Output only the lines below from the one holding "Divano 2 posti" down to the one holding "Triomphe-East Tower - 725", both end lines included and every picture dropped.

*** PROVIDED INFORMATION

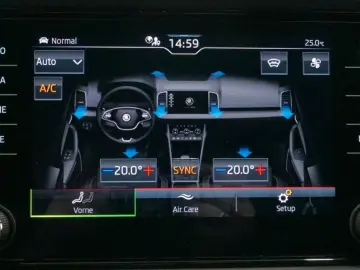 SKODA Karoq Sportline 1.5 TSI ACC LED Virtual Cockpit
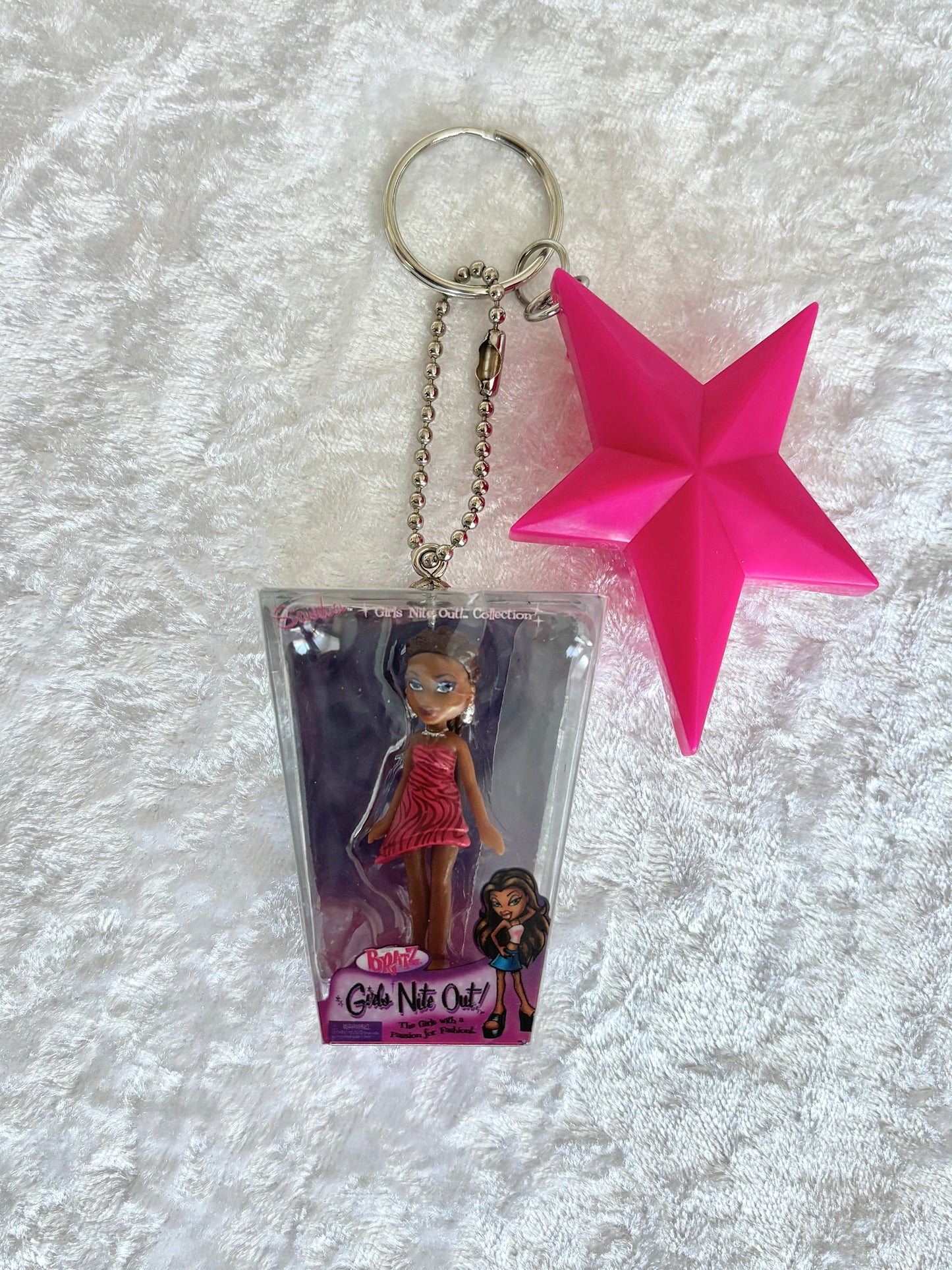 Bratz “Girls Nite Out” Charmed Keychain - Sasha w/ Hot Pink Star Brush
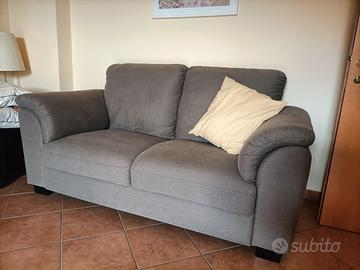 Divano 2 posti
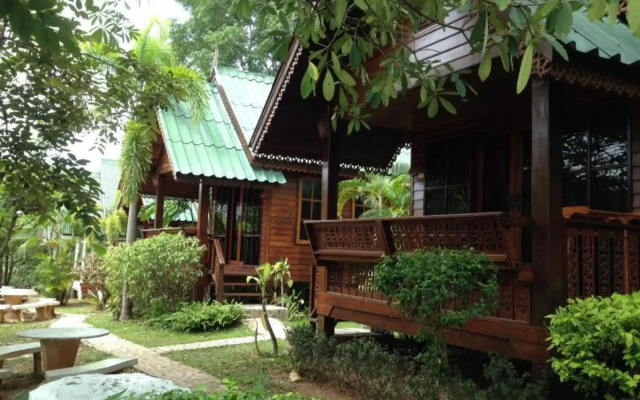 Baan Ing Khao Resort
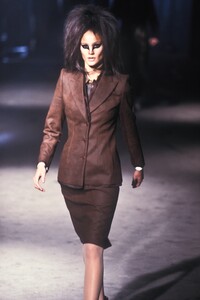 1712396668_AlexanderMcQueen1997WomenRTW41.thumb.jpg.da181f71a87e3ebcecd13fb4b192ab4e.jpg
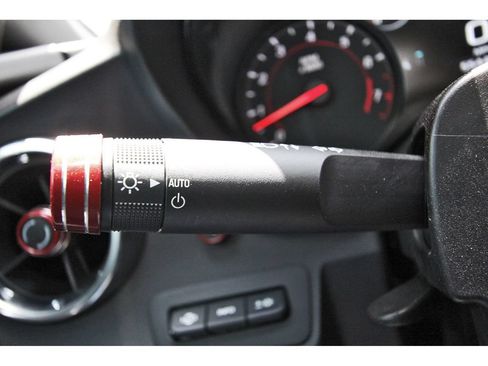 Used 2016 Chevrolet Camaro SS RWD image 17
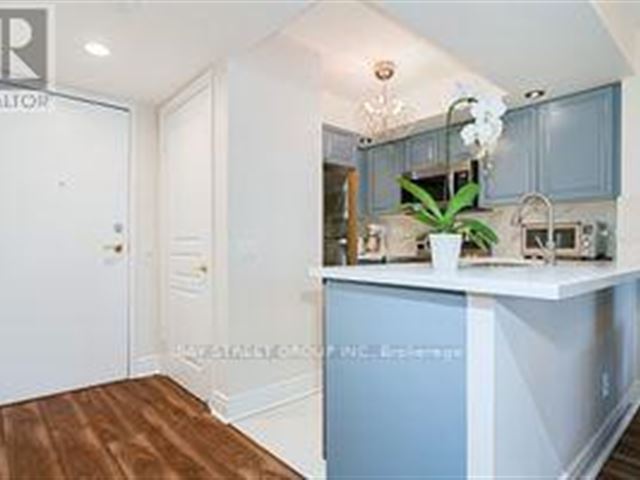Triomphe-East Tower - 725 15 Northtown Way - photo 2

******
*** PROVIDED INFORMATION

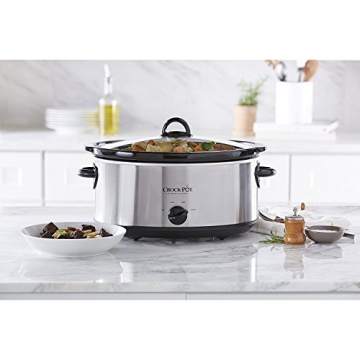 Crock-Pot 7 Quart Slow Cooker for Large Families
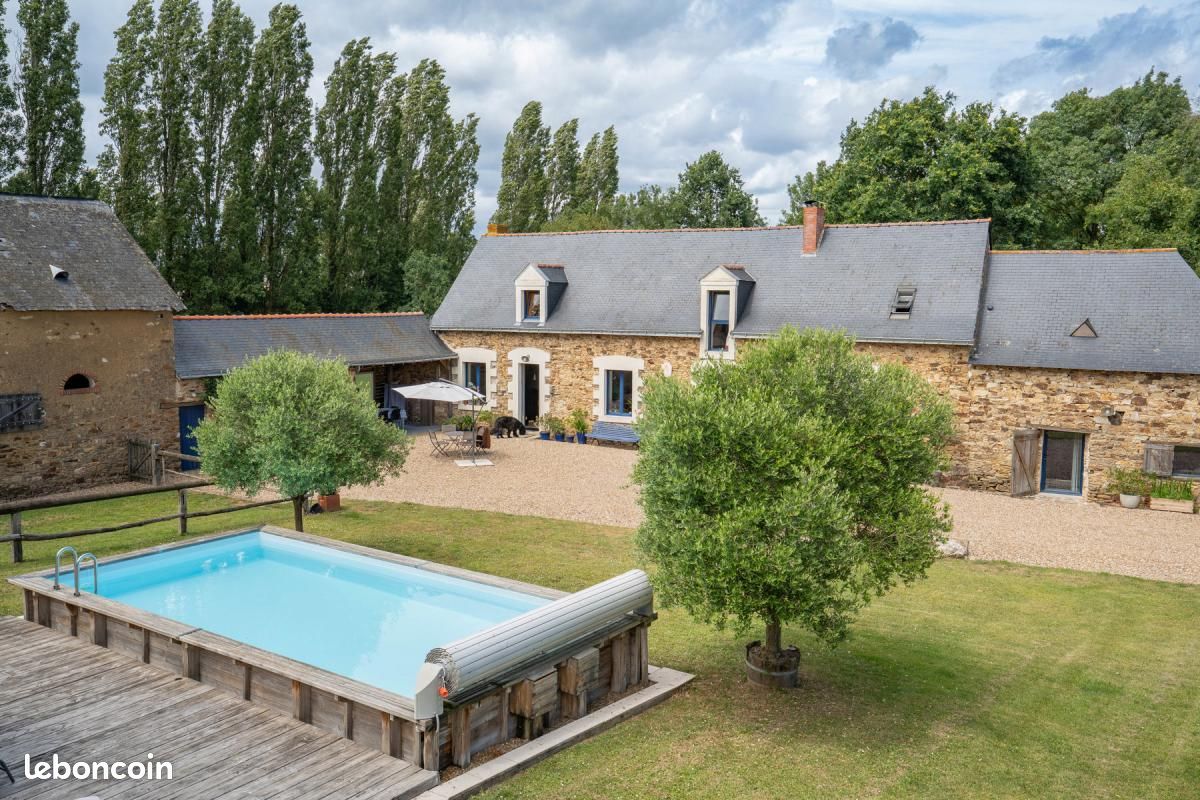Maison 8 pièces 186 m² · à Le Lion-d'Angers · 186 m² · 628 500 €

******

### OUTPUT BELOW
 Divano 2 posti
 Baan Ing Khao Resort
 1712396668_AlexanderMcQueen1997WomenRTW41.thumb.jpg.da181f71a87e3ebcecd13fb4b192ab4e.jpg
 Used 2016 Chevrolet Camaro SS RWD image 17
Triomphe-East Tower - 725 15 Northtown Way - photo 2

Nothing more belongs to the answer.